Vous connaissez sûrement tous cette
photo de 1968. Il s'agit du podium olympique du 200m des Jeux de
Mexico avec, sur les première et troisième marches, les américains
Tommie Smith (premier homme sous les 20s) et John Carlos, qui avaient
décidé de lever un poing ganté de noir pendant l'hymne américain
en protestation contre la ségrégation raciale aux États-Unis. Dans
la foulée, ils furent exclus à vie des JO, la charte olympique
refusant toute prise de position politique des athlètes.
Je me suis toujours demandé ce qui
avait bien pu passer par la tête du troisième homme sur le podium.

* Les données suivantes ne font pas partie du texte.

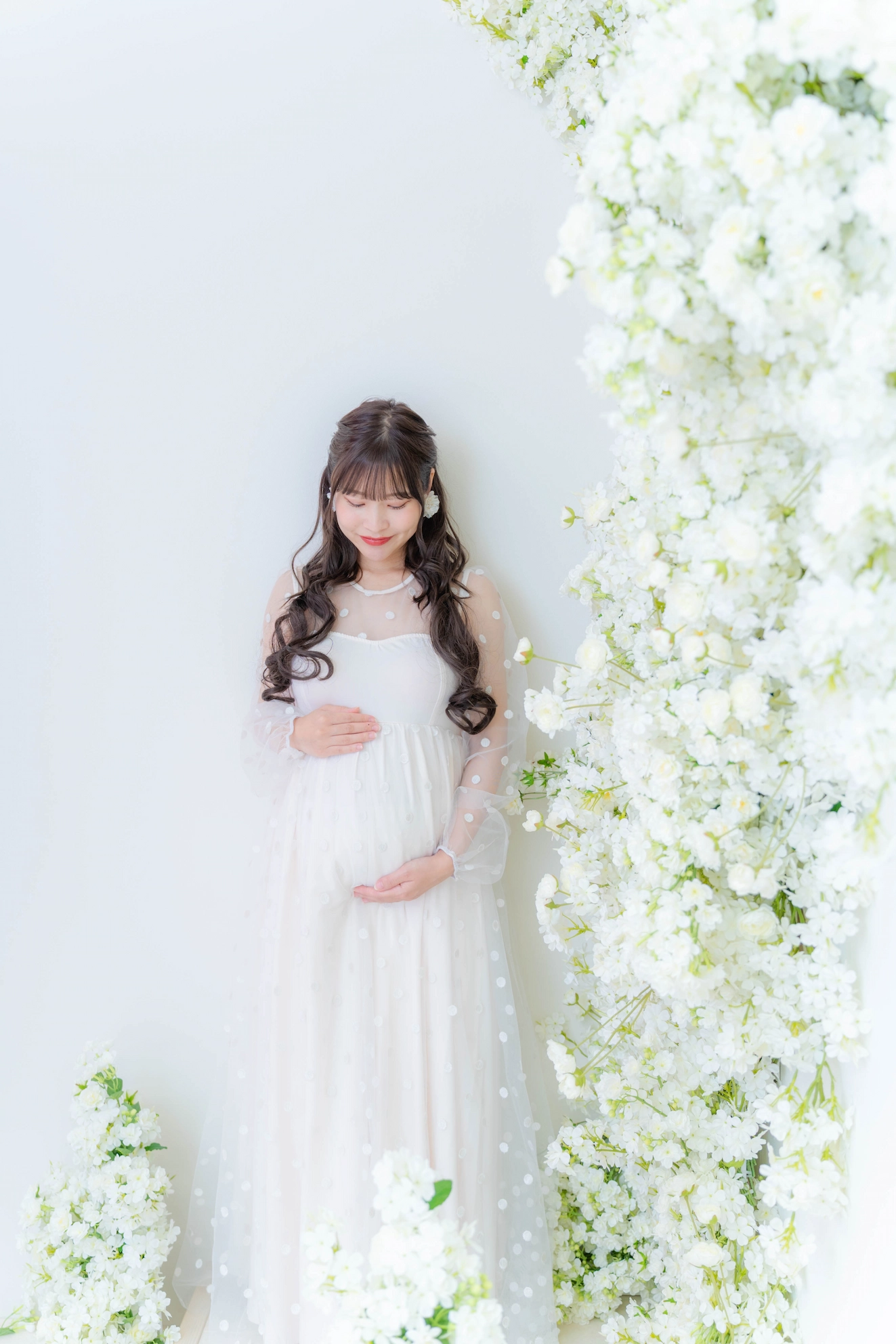 マタニティフォト マタニティドレス 白花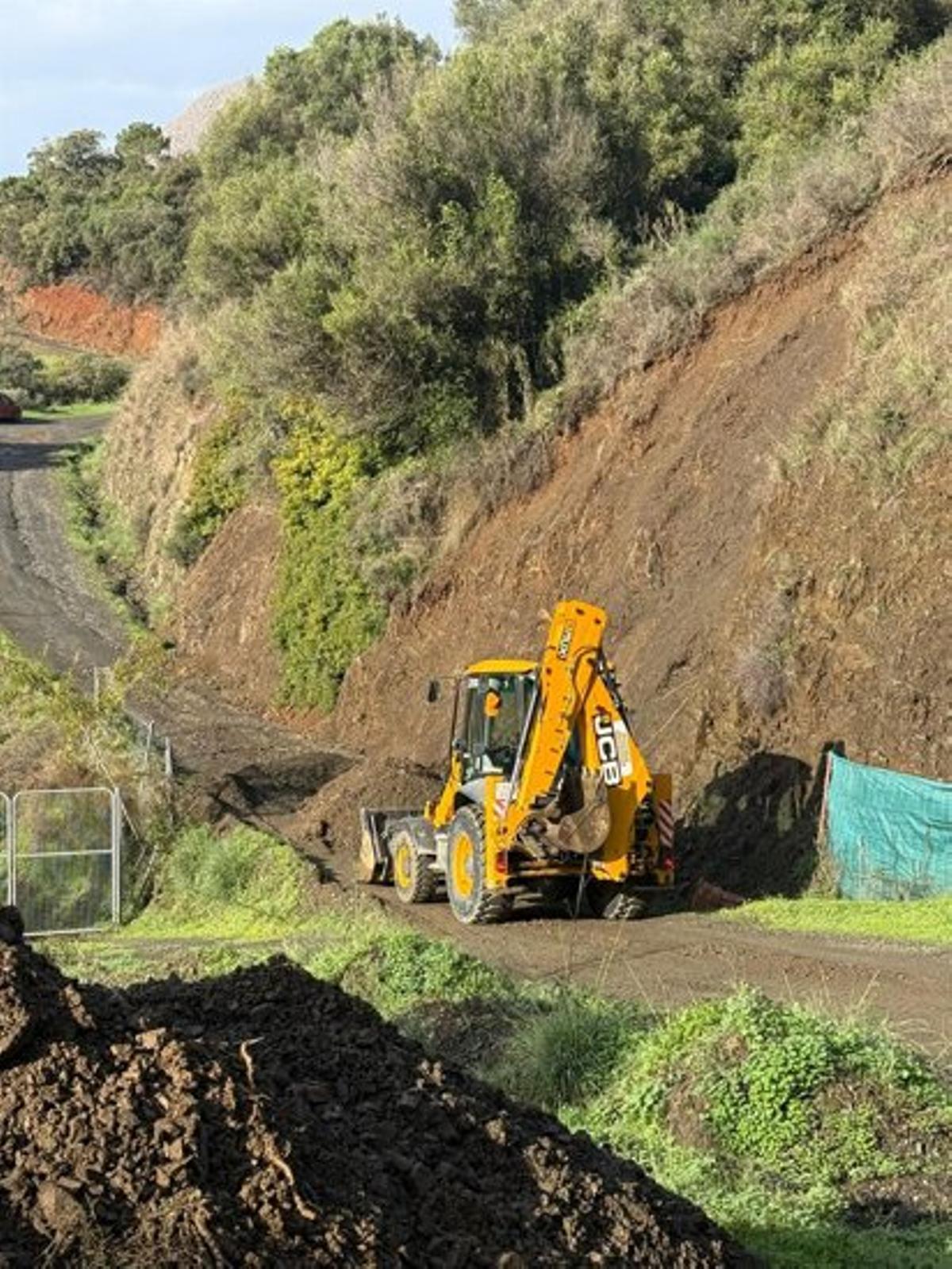 Una máquina trabaja en el arreglo de un camino rural.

J'ai toujours eu la sensation qu'il était passé à côté de
l'histoire, qu'à l'heure où il avait la possibilité de se lever et
de faire entendre sa voix, il avait choisi (par conviction ? par
lâcheté ?) de rester dans l'ombre à jamais. D'ailleurs qui connait
son nom aujourd'hui ?
Alors je me suis renseigné sur lui et
je me suis rendu compte que l'image en noir et blanc était très
trompeuse.
Le troisième homme, c'est Peter
Norman, un athlète australien. En 1968, il a 26 ans. Sur la finale
du 200m, il est celui que personne n'attend, malgré un très bon
temps en demies. Et il prive les États-Unis du doublé en coiffant
John Carlos sur le fil en 20,06s.
Sur le podium, il porte un badge de
l'Olympic Project for Human Rights, une organisation contre le
racisme dans le sport. John Carlos et Tommie Smith portent d'ailleurs
le même badge.
Avant la cérémonie de remise des
médailles, John Carlos avait oublié ses gants, et c'est Peter
Norman qui a suggéré à Tommie Smith de lui en prêter un (ce qui
explique pourquoi ils ne lèvent pas le même bras).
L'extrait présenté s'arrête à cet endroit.